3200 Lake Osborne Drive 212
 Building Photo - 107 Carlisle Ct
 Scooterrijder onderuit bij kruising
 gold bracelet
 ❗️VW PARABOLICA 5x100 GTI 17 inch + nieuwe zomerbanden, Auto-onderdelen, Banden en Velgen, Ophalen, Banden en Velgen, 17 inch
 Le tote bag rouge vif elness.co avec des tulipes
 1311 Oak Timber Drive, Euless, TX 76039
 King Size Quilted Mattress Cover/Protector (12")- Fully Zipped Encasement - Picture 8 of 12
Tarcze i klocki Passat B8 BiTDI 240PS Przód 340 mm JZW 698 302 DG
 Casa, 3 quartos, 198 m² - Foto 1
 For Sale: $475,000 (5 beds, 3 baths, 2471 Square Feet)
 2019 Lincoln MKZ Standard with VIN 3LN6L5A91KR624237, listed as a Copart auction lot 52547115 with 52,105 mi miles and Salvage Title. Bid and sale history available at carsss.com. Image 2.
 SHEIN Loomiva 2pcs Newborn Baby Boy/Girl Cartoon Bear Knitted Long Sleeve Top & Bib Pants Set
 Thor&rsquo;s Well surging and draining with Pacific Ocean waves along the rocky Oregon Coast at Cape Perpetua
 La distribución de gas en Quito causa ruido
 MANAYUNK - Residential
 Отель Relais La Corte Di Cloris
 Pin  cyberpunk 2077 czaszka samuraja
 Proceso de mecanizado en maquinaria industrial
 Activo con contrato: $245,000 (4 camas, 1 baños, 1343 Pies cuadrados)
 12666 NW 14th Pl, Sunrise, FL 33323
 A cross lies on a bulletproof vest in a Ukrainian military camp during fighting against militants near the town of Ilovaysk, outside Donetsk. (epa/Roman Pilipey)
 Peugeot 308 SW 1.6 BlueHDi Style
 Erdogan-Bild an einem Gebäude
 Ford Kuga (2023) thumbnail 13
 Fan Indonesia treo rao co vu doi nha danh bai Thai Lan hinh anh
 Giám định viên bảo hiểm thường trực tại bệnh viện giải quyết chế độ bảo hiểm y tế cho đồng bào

* * *

Activity
Search each line of the data above for "with", and copy the lines where it occurs.

Output below
 2019 Lincoln MKZ Standard with VIN 3LN6L5A91KR624237, listed as a Copart auction lot 52547115 with 52,105 mi miles and Salvage Title. Bid and sale history available at carsss.com. Image 2.
 Thor&rsquo;s Well surging and draining with Pacific Ocean waves along the rocky Oregon Coast at Cape Perpetua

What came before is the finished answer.